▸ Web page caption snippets
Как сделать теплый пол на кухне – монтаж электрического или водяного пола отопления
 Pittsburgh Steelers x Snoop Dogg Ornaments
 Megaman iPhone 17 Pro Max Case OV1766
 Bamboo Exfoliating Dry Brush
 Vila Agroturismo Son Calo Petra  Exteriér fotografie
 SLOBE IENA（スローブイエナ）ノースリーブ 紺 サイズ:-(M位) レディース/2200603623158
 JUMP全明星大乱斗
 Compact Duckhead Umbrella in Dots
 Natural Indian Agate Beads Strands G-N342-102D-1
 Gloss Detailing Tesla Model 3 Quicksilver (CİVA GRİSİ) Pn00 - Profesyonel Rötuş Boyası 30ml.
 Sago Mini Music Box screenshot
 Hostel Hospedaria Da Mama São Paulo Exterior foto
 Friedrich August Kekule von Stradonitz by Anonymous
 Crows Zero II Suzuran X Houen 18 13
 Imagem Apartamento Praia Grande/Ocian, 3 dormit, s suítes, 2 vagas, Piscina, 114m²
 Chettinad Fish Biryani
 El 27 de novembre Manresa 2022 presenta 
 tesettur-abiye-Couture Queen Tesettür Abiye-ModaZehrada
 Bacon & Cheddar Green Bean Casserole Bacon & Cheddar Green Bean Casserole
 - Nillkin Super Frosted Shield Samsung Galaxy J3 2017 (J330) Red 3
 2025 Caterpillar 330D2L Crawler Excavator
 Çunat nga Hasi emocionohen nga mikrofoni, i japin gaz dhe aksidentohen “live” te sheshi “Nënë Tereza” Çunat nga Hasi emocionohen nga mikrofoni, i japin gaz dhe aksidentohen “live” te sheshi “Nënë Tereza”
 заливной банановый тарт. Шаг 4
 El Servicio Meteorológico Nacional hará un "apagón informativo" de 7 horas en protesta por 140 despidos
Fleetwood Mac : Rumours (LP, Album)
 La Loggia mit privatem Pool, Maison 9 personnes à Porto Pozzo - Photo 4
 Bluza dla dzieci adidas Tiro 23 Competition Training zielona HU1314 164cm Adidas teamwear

▸ Assignment
Please quote the data above in full, with no line missing.

▸ Output below
Как сделать теплый пол на кухне – монтаж электрического или водяного пола отопления
 Pittsburgh Steelers x Snoop Dogg Ornaments
 Megaman iPhone 17 Pro Max Case OV1766
 Bamboo Exfoliating Dry Brush
 Vila Agroturismo Son Calo Petra  Exteriér fotografie
 SLOBE IENA（スローブイエナ）ノースリーブ 紺 サイズ:-(M位) レディース/2200603623158
 JUMP全明星大乱斗
 Compact Duckhead Umbrella in Dots
 Natural Indian Agate Beads Strands G-N342-102D-1
 Gloss Detailing Tesla Model 3 Quicksilver (CİVA GRİSİ) Pn00 - Profesyonel Rötuş Boyası 30ml.
 Sago Mini Music Box screenshot
 Hostel Hospedaria Da Mama São Paulo Exterior foto
 Friedrich August Kekule von Stradonitz by Anonymous
 Crows Zero II Suzuran X Houen 18 13
 Imagem Apartamento Praia Grande/Ocian, 3 dormit, s suítes, 2 vagas, Piscina, 114m²
 Chettinad Fish Biryani
 El 27 de novembre Manresa 2022 presenta 
 tesettur-abiye-Couture Queen Tesettür Abiye-ModaZehrada
 Bacon & Cheddar Green Bean Casserole Bacon & Cheddar Green Bean Casserole
 - Nillkin Super Frosted Shield Samsung Galaxy J3 2017 (J330) Red 3
 2025 Caterpillar 330D2L Crawler Excavator
 Çunat nga Hasi emocionohen nga mikrofoni, i japin gaz dhe aksidentohen “live” te sheshi “Nënë Tereza” Çunat nga Hasi emocionohen nga mikrofoni, i japin gaz dhe aksidentohen “live” te sheshi “Nënë Tereza”
 заливной банановый тарт. Шаг 4
 El Servicio Meteorológico Nacional hará un "apagón informativo" de 7 horas en protesta por 140 despidos
Fleetwood Mac : Rumours (LP, Album)
 La Loggia mit privatem Pool, Maison 9 personnes à Porto Pozzo - Photo 4
 Bluza dla dzieci adidas Tiro 23 Competition Training zielona HU1314 164cm Adidas teamwear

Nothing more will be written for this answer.